> BRIEF
Pictures excluded, copy every record that follows exactly as it appears.

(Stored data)
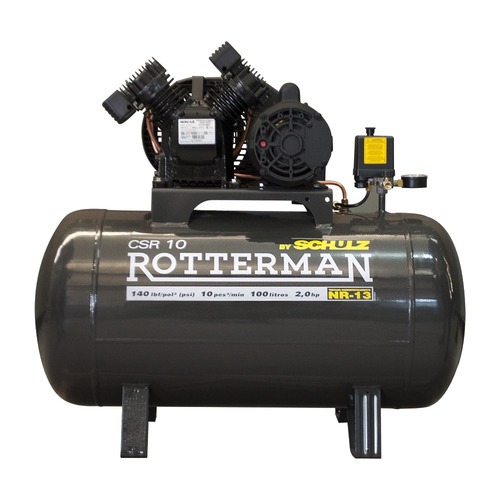 Compressor de ar 10 pés 100 litros 2 hp monofásico - CSR10/100 Compressor de ar 10 pés 100 litros 2 hp monofásico - CSR10/100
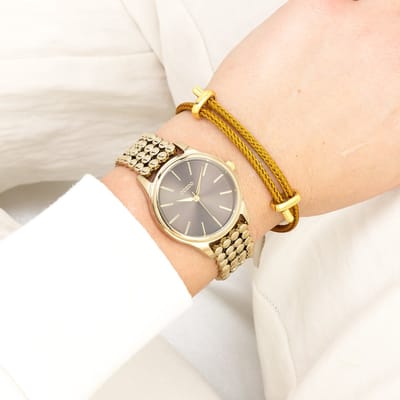 OOZOO Timepieces - Goudkleurige OOZOO horloge met bolletjes schakelarmband - C11673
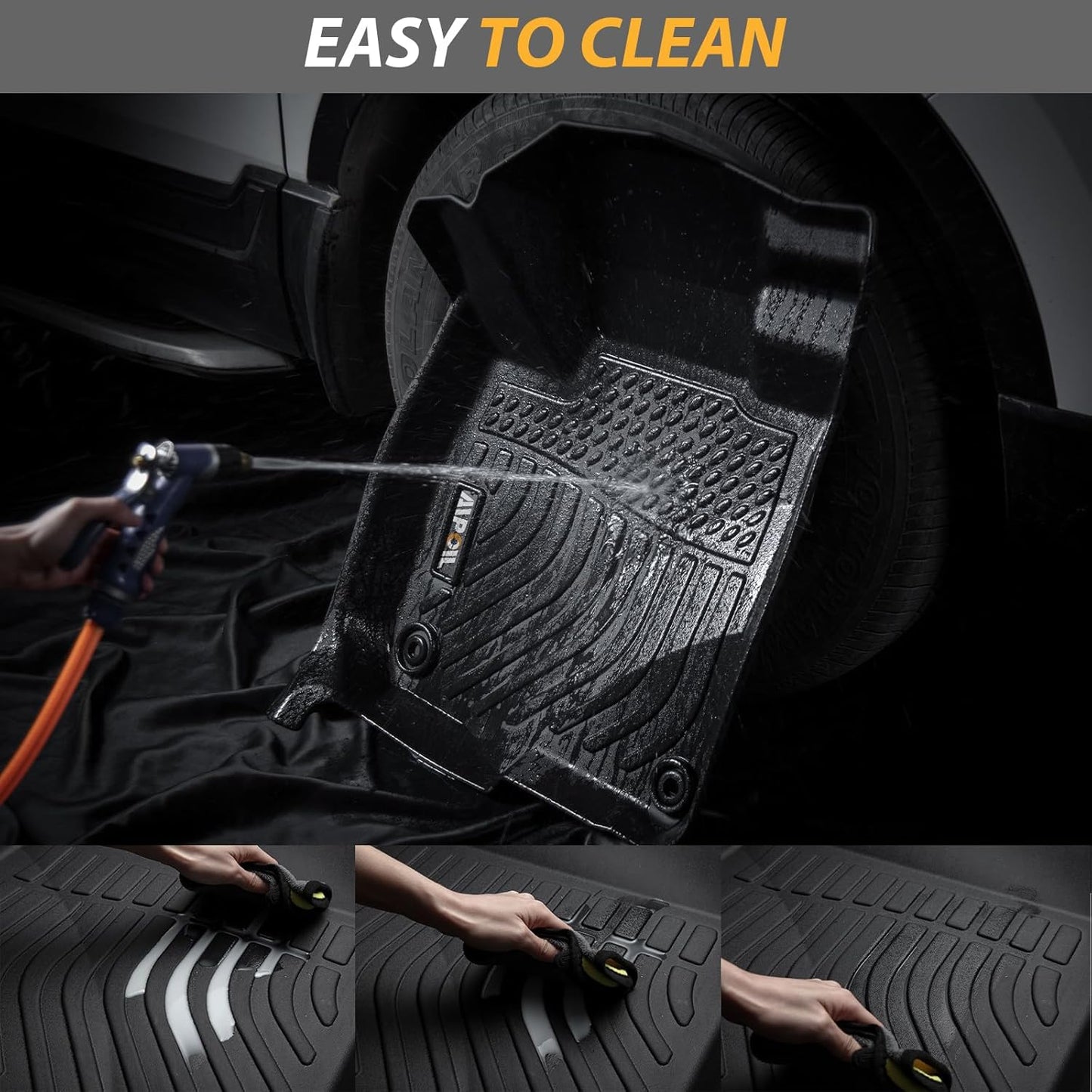 AIPOIL® Floor Mats & Cargo Liner Set for 2019-2025 Acura RDX All Weather Protection TPE Anti-Slip Automotive Full Set Custom Car Mats Accessories - Black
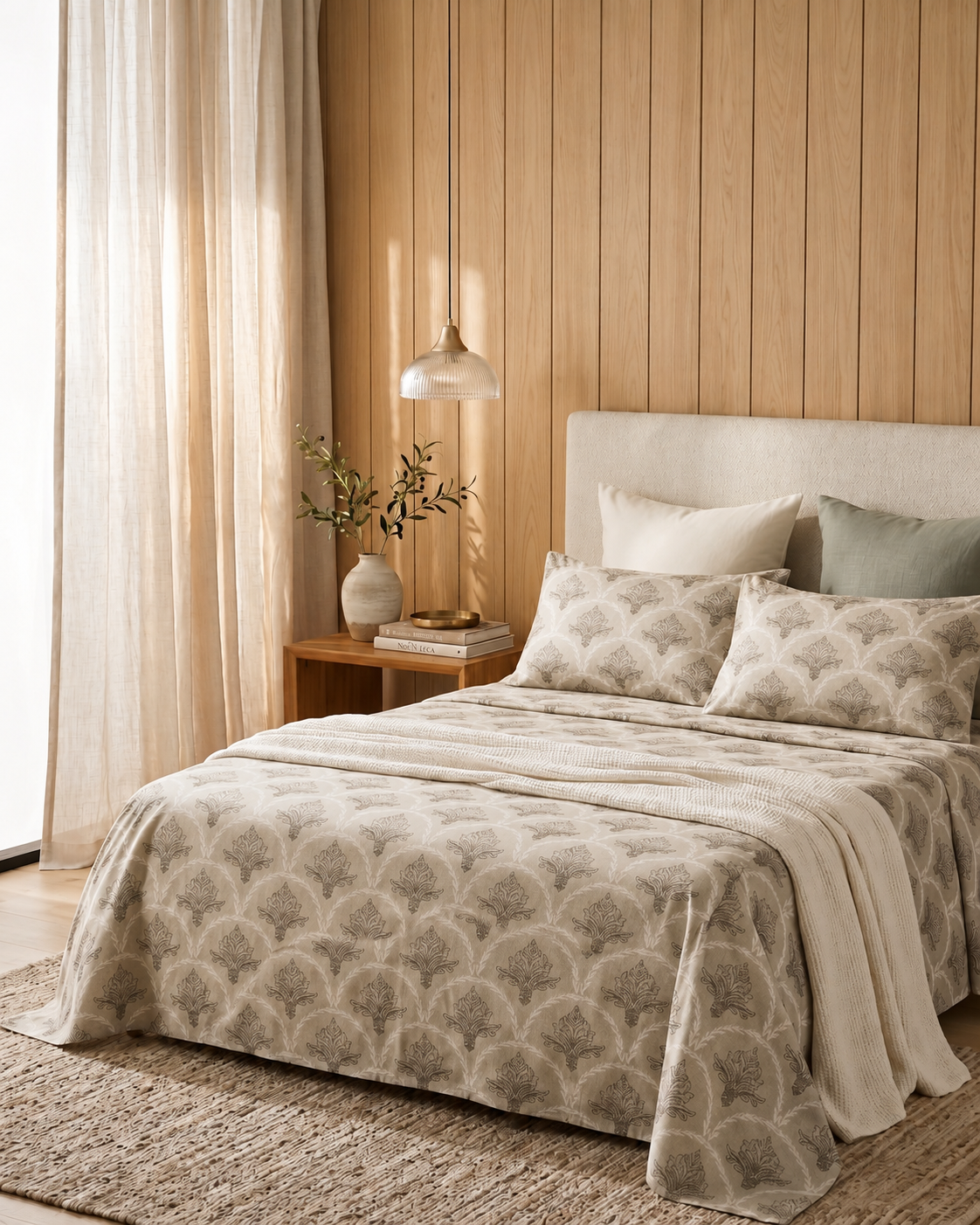 Neatly made bed with patterned bedding in a bedroom with wooden walls and a side table.
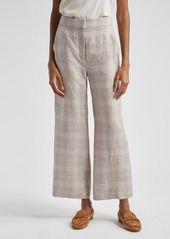 Veronica Beard Plaid Wide Leg Ankle Linen Pants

> RESPONSE
 Compressor de ar 10 pés 100 litros 2 hp monofásico - CSR10/100 Compressor de ar 10 pés 100 litros 2 hp monofásico - CSR10/100
 OOZOO Timepieces - Goudkleurige OOZOO horloge met bolletjes schakelarmband - C11673
 AIPOIL® Floor Mats & Cargo Liner Set for 2019-2025 Acura RDX All Weather Protection TPE Anti-Slip Automotive Full Set Custom Car Mats Accessories - Black
 Neatly made bed with patterned bedding in a bedroom with wooden walls and a side table.
 Veronica Beard Plaid Wide Leg Ankle Linen Pants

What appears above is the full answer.